Posts by Timo

1) Message boards : Rosetta@home Science : How large is the problem? (Message 98391)
Posted 31 Jul 2020 by Profile Timo
Post:
Very interesting thread. As someone who works in data science, I appreciate first hand that we are still very resource-constrained in terms of computational throughput, in general as a species. Protein folding is the type of problem that could literally use every single computer and chip on the planet and still not have enough resources to be a 'perfect solution finder'. Hence, there are many shortcuts and approximations and tricks that are used to try to get a 'best guess' with the amount of compute available.

Someday, hopefully we will evolve beyond this resource scarcity via either transformational developments in quantum computing (perhaps soon, ie. within the next couple of decades) or on a longer time horizon we will move up the Kardashev scale.
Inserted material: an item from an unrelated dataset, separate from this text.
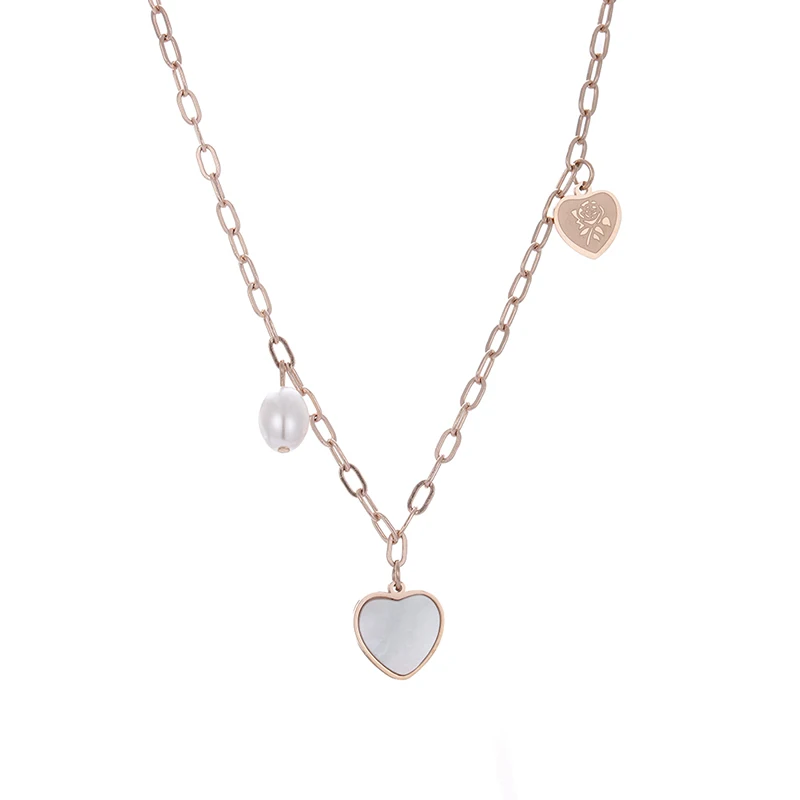 

Hot Selling Heart Shape Shell Pearl Love Cute Pendant Necklaces for Women Gifts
In the meantime, it would be nice if a larger percentage of people would take interest in contributing to efforts like Rosetta@Home to try to maximize the resource availability for the advancement of human knowledge.
2) Message boards : Number crunching : Tasks no longer downloading (Message 97903)
Posted 4 Jul 2020 by Profile Timo
Post:
There was an issue that creeped up a few weeks back with one of the SSL certificates or something related, which was causing downloads to get 'stuck' for older versions of BOINC. Easy fix was to update BOINC to the latest release. Perhaps give that a try if this is still an issue for you.
3) Message boards : Number crunching : [Solved] Uploads and Downloads stopped (Message 97191)
Posted 3 Jun 2020 by Profile Timo
Post:
Hi everyone,

I ran into a problem on two of my boxes which had not yet been repointed to the https version of the project, where their uploads and downloads got stuck in '(Project backoff: retry in ...)' states despite internet connectivity working properly.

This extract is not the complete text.